Records for processing Start Marker

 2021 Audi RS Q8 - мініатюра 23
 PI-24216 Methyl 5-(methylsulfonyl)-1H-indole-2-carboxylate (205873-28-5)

Records for processing End Marker
Records for processing Start Marker

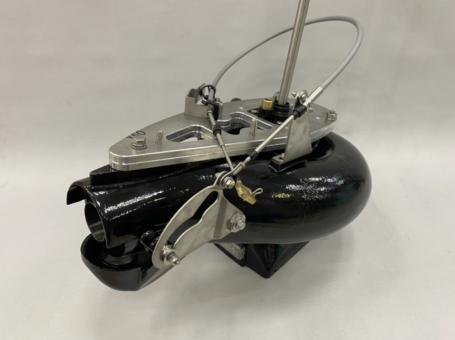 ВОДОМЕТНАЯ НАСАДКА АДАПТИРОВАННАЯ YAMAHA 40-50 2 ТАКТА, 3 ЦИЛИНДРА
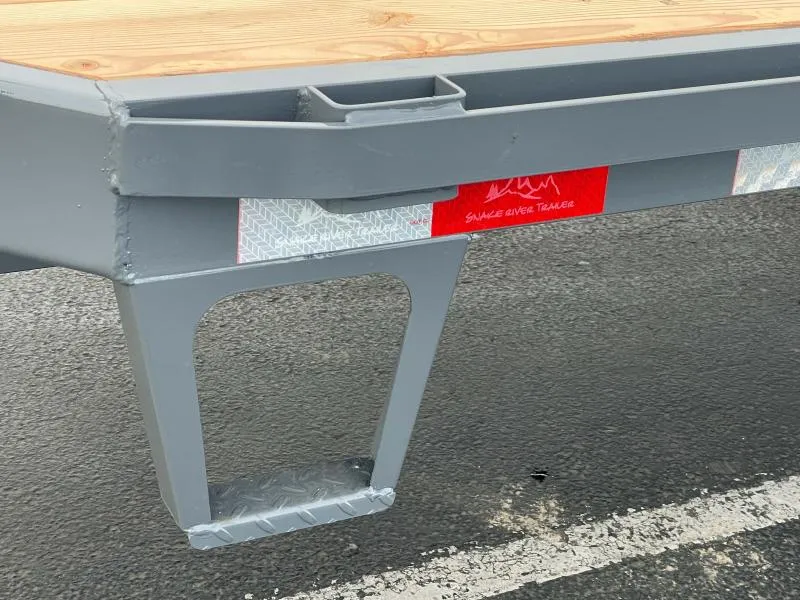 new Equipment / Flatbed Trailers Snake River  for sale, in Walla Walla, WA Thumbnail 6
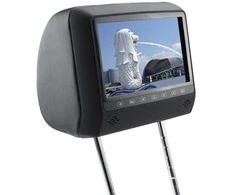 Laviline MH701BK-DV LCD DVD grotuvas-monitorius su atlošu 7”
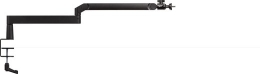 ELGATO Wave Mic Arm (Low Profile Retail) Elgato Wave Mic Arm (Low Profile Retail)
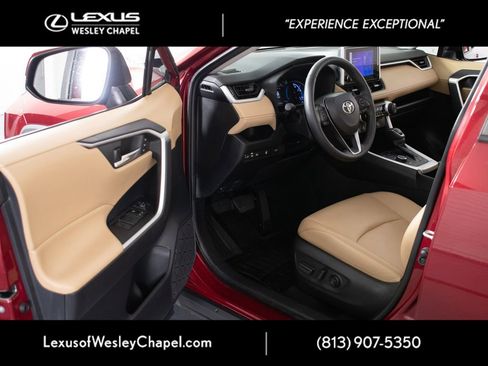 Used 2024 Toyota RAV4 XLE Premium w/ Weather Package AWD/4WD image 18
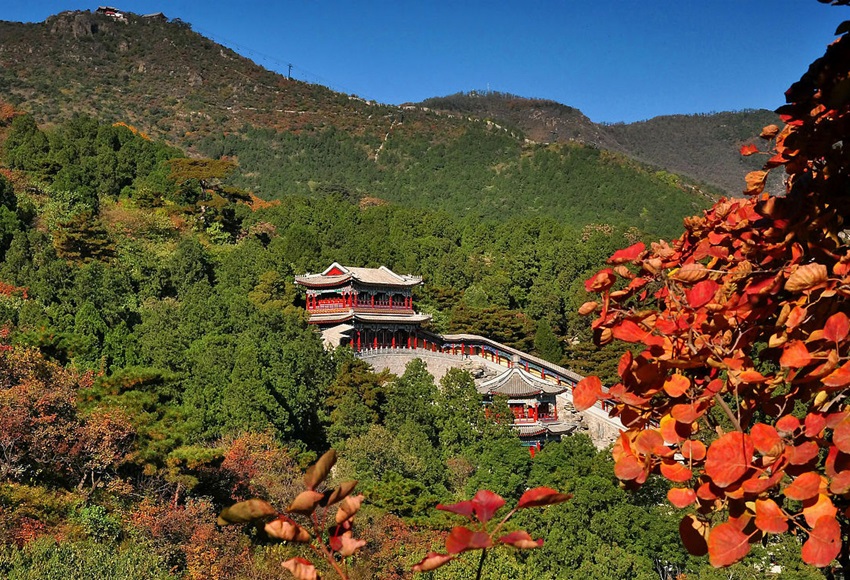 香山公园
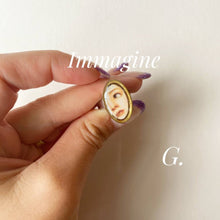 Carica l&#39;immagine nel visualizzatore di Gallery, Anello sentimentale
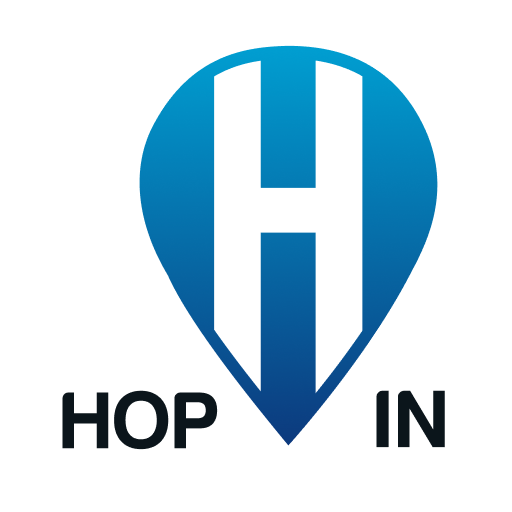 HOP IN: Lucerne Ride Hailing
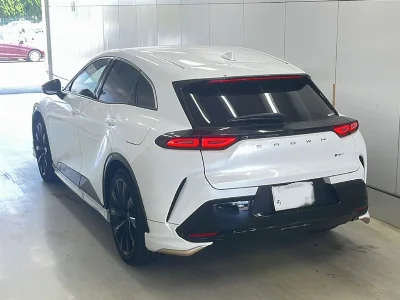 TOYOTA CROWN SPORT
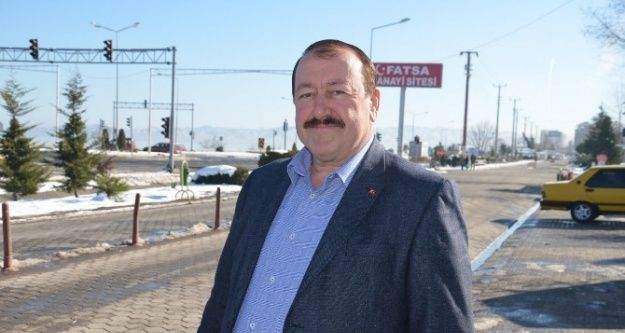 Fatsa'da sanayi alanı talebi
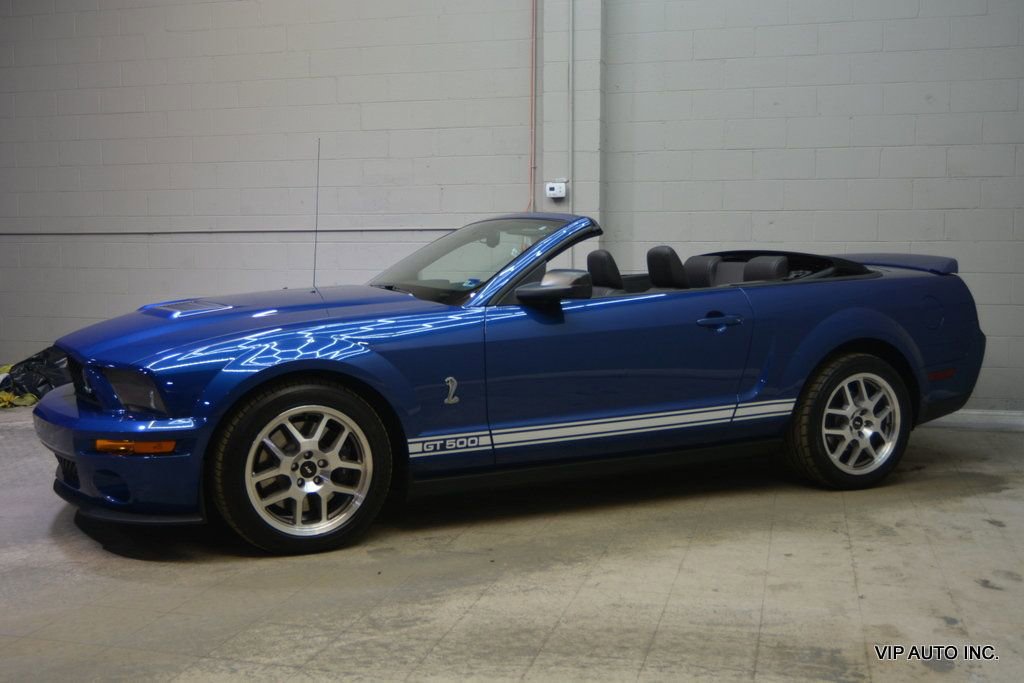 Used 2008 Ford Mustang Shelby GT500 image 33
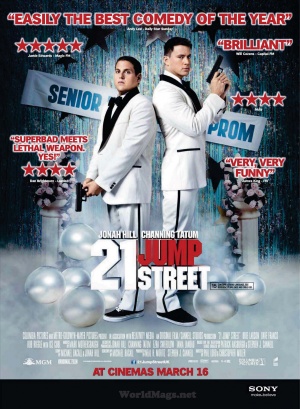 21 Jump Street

Records for processing End Marker

> Aim of the exercise: Retype, exactly and with no pictures, everything above from the line with "TOYOTA CROWN SPORT" down to the line with "21 Jump Street", both included.

> Answer for this exercise:
 TOYOTA CROWN SPORT
 Fatsa'da sanayi alanı talebi
 Used 2008 Ford Mustang Shelby GT500 image 33
 21 Jump Street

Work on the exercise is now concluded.